Brillouin microscopy

Control and RAB5A-MCF10.DCIS.com cells treated with doxycycline were grown in adhesion on a glass coverslip. Cells were analysed by Brillouin micro-spectroscopy as described previously⁶⁸. Briefly, the 53C2 nm monochromatic beam of a single mode, diode-pumped, solid state laser (Spectra-Physics Excelsior) is focused with a power less than 5 mW. The investigated position inside the cell nuclei was chosen using the correlated bright field image of a custom-made inverted microscope.

The same water immersion 60× objective (UPLSAPO-60XW from Olympus) was used to acquire bright field images, to focalize the laser beam and to collect the back-scattered light, which is analysed in frequency by the TFP-2 interferometer⁶⁸. The archived spatial resolution of the mechanical characterization was in the micrometric length scale⁶⁹.

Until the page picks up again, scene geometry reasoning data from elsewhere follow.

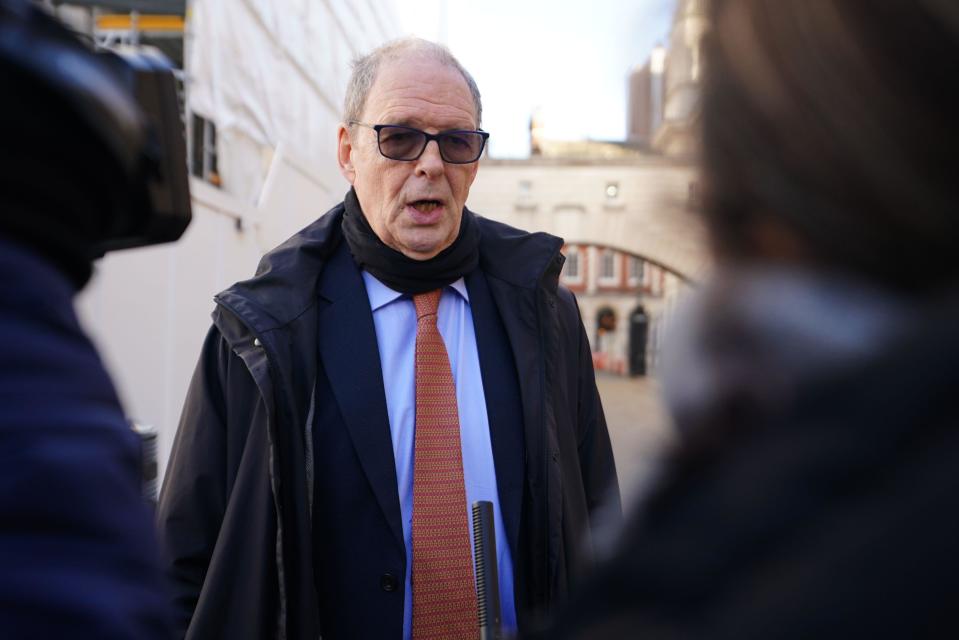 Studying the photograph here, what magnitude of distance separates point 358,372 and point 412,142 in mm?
695

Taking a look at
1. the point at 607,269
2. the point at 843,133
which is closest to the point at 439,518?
the point at 843,133

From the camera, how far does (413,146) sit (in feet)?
7.50

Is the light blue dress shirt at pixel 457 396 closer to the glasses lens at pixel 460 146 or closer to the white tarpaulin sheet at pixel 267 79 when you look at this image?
the glasses lens at pixel 460 146

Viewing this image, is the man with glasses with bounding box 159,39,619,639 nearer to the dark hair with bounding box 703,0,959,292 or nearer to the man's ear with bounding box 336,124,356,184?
the man's ear with bounding box 336,124,356,184

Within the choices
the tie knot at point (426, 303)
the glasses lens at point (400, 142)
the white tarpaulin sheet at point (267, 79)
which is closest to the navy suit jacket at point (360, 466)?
the tie knot at point (426, 303)

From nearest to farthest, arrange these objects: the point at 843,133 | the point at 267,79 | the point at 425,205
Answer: the point at 843,133, the point at 425,205, the point at 267,79

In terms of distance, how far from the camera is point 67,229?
0.60 meters

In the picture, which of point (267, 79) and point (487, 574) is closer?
point (487, 574)

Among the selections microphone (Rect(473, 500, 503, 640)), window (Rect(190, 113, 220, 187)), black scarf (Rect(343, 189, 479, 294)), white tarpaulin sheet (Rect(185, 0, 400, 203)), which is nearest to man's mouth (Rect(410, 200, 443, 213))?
black scarf (Rect(343, 189, 479, 294))

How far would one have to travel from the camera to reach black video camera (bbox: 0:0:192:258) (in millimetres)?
577

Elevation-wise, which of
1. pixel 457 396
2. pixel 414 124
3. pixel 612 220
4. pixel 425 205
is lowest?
pixel 457 396

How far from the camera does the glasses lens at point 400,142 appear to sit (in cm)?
227

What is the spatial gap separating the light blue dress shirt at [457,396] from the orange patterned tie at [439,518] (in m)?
0.02

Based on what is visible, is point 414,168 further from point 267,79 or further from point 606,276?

The Brillouin frequency was extracted fitting the spectra using a damped harmonic oscillator function. Measurements of the longitudinal elastic moduli were obtained after setting the cellular density at ρ = 1,080 kg m⁻³, and the refractive index at n = 1.386 as described previously⁶⁸.

Statistical analysis

All data are presented as scatter plots or box plots expressed as mean ± s.d. unless otherwise indicated. The number of experiments as well as the number of samples analysed is specified for each experiment and reported in the figure legends. Statistical significance was calculated, whenever we compared two distinct distributions, using a parametric two-tails unpaired student’s t-test with Welch corrections for two samples with unequal variance or non-parametric two-tailed Mann–Whitney t-test as indicated. Kruskal–Wallis/Dunn’s test was used for one-way data with more than two groups. Nested one-way ANOVA was used as reported for comparison of more unmatched groups. Statistical calculations were performed in GraphPad Prism 8 or Microsoft Excel. The significance of fold difference of each differential gene expression obtained by QRT-PCR was established using a two-tailed unpaired Student’s t-test with Welch corrections for two samples and were with P values > 0.05 in all cases. Data collection and analysis were performed blind to the conditions of the experiments. Specifically, in all experiments involving mice, we assigned each mouse randomly to the treatment groups (injection of control or RAB5A cells into mammary fat pads). For the experiment with cells, we had two genetically distinct groups (control versus RAB5A) that were treated equally and randomly. For the CLEM experiment, we selected blindly control or RAB5A cells displaying accumulated perinuclear cGAS. No data points were excluded.

Reporting summary

Further information on research design is available in the Nature Portfolio Reporting Summary linked to this article.